Question

NA12878 High Confidence Callset Sequence Dictionaries

0

Entering edit mode

4.7 years ago

ilee66 • 0

I want to compare a WGS vcf callset I have produced using the GATK best practices with the NA12878 WGS gold-standard/high confidence vcf callset but an error related to Differing Sequence Dictionary sizes is preventing me form performing any concordance analysis.

I have downloaded the NA12878 "High Confidence Callset" (ftp://ftp-trace.ncbi.nlm.nih.gov/giab/ftp/release/NA12878_HG001/GIABPedigreev0.2/) (I have tried this specific release as well and the one under "latest") and when I try to compare this .vcf to a .vcf I have produced I get an error that the dictionary sizes are different (code below).

From what I've gathered so far this error likely arises from alignment with different reference genomes. I first got this error when aligning & calling myself when I was using the human_g1k_v37 reference genome (I have been unable to find the reference genome these gold-standard vcf files were developed under). I also then downloaded the RMNISTHS_30xdownsample.bam file (ftp://ftp-trace.ncbi.nlm.nih.gov/giab/ftp/data/NA12878/NIST_NA12878_HG001_HiSeq_300x/) The Readme mentions it was aligned with BWA MEM but not which reference genome, but I got the same error as before. I assumed that the RMNISTHS_30xdownsample.bam file from the NCBI FTP was aligned with the same reference genome as the vcf from the same FTP, but I still get the error.
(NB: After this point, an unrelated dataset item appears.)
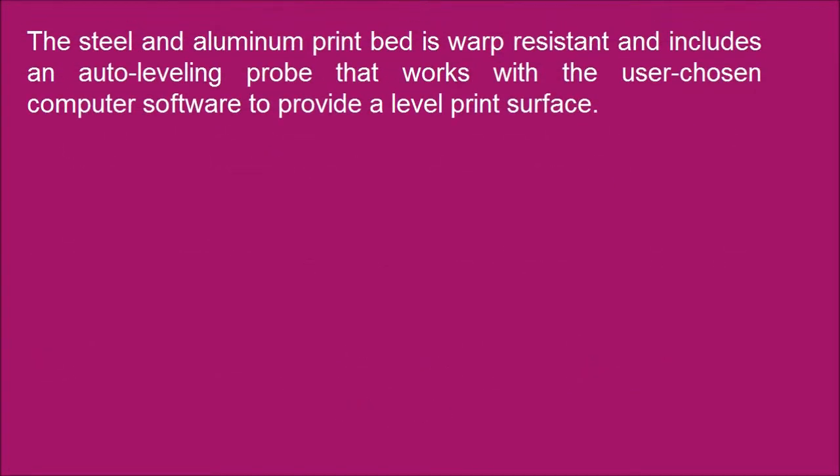The steel and aluminum print bed is warp resistant and includes an auto-leveling probe that works with the user-chosen computer software to provide a level print surface.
The GenotypeConcordance code that produces the error is as follows:

/path/to/gatk GenotypeConcordance -CV=/path/to/myinput.vcf.gz -O=/path/to/output.vcf -TV=/path/to/NIST_RTG_PlatGen_merged_highconfidence_v0.2_Allannotate.vcf.gz`

The error:

htsjdk.samtools.util.SequenceUtil$SequenceListsDifferException: Sequence Dictionaries are not the same size (25, 181)
at htsjdk.samtools.util.SequenceUtil.assertSequenceListsEqual(SequenceUtil.java:250)at htsjdk.samtools.util.SequenceUtil.assertSequenceDictionariesEqual(SequenceUtil.java:333)
        at htsjdk.samtools.util.SequenceUtil.assertSequenceDictionariesEqual(SequenceUtil.java:319)
        at picard.vcf.GenotypeConcordance.doWork(GenotypeConcordance.java:350)
        at picard.cmdline.CommandLineProgram.instanceMain(CommandLineProgram.java:295)
        at org.broadinstitute.hellbender.cmdline.PicardCommandLineProgramExecutor.instanceMain(PicardCommandLineProgramExecutor.java:25)
        at org.broadinstitute.hellbender.Main.runCommandLineProgram(Main.java:162)
        at org.broadinstitute.hellbender.Main.mainEntry(Main.java:205)
        at org.broadinstitute.hellbender.Main.main(Main.java:291)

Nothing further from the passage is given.